Problem statement:
Can the lines below, from the one that holds "Dolphin Treasure logo" to the very end, be echoed exactly, with both ends included and no pictures?

★ ★ ★ ★

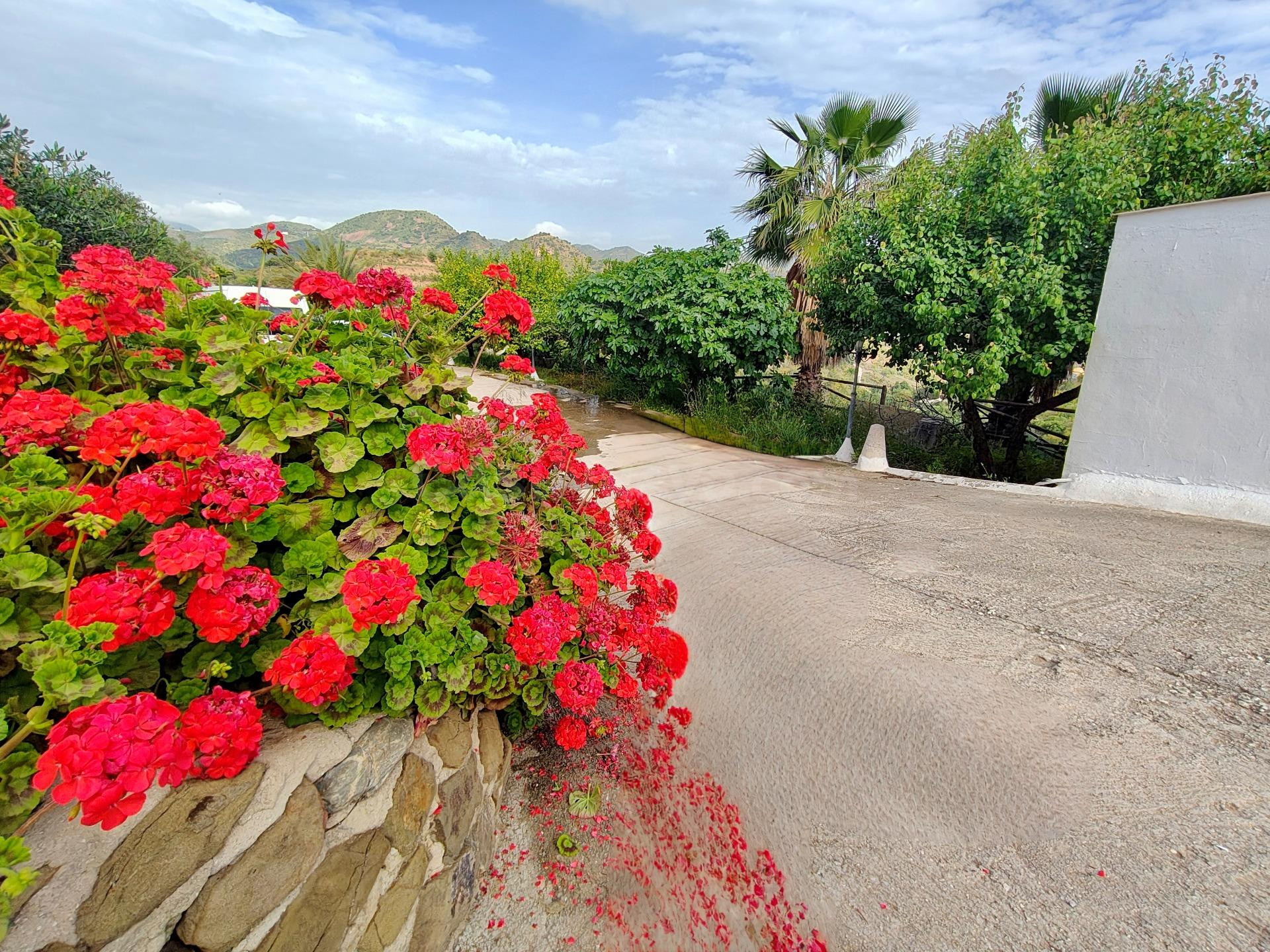 FINCA RÚSTICA DE ENSUEÑO CON PISCINA, BARBACOA Y VISTAS PANORÁMICAS – PAZ Y NATURALEZA A 20 MINUTOS DE PUERTO DE LA TORRE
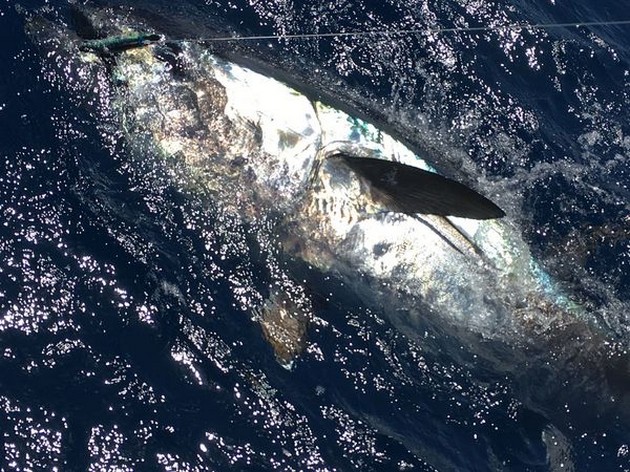 Nice Catch - Nice catch on the boat Cavalier Cavalier & Blue Marlin Sport Fishing Gran Canaria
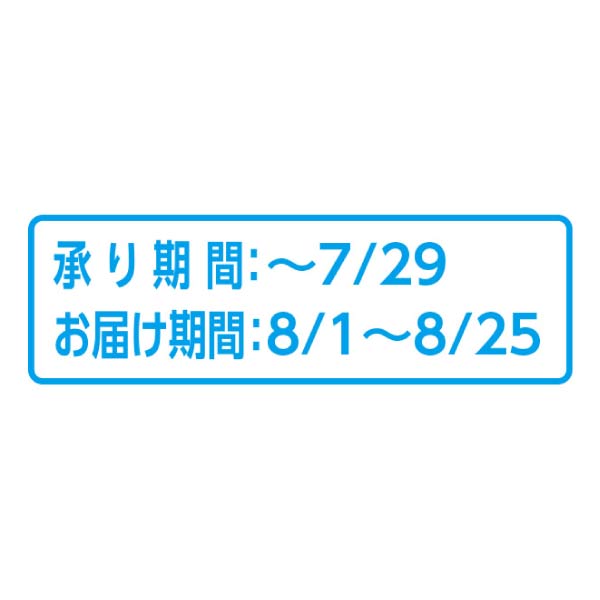 愛媛県産(JA愛媛たいき) シャインマスカット化粧箱(お届け期間：8/1〜8/25)【夏の贈りもの・お中元】　商品画像3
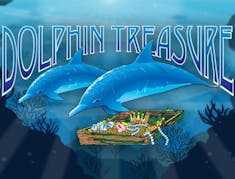 Dolphin Treasure logo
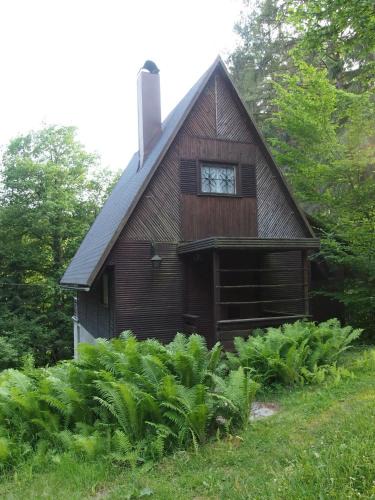 Cesky Dub Ski Chalet | chata Milena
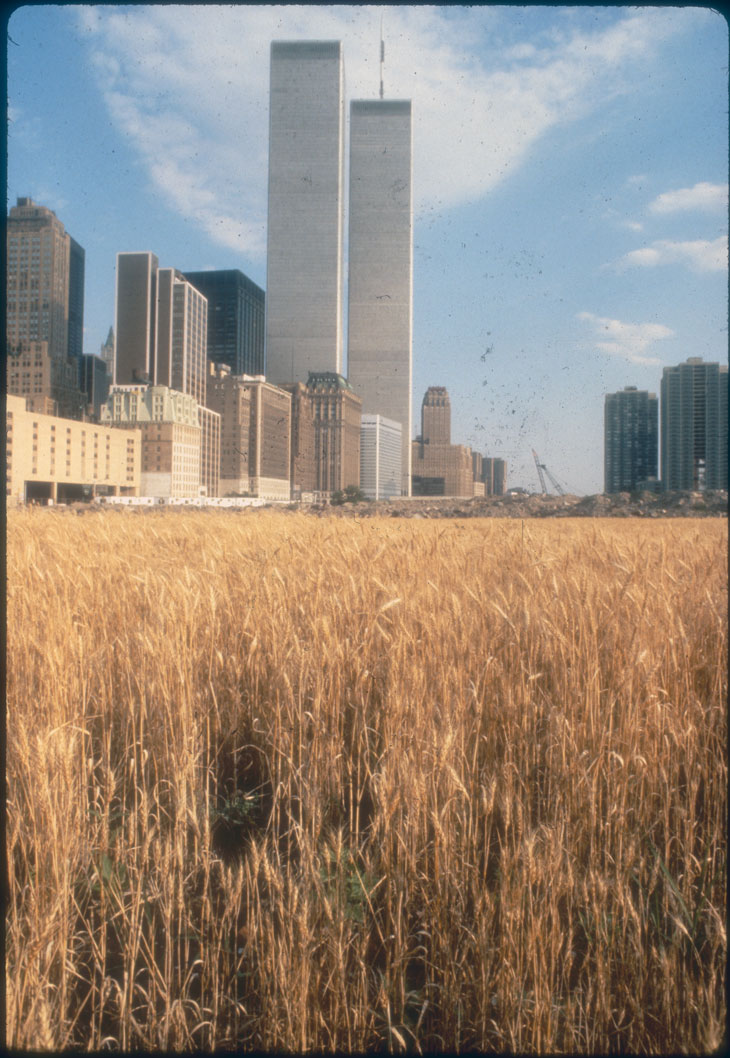 Wheatfields for Manhattan (1982), Agnes Denes. Battery Park Landfill.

★ ★ ★ ★

Your solution:
 Dolphin Treasure logo
 Cesky Dub Ski Chalet | chata Milena
 Wheatfields for Manhattan (1982), Agnes Denes. Battery Park Landfill.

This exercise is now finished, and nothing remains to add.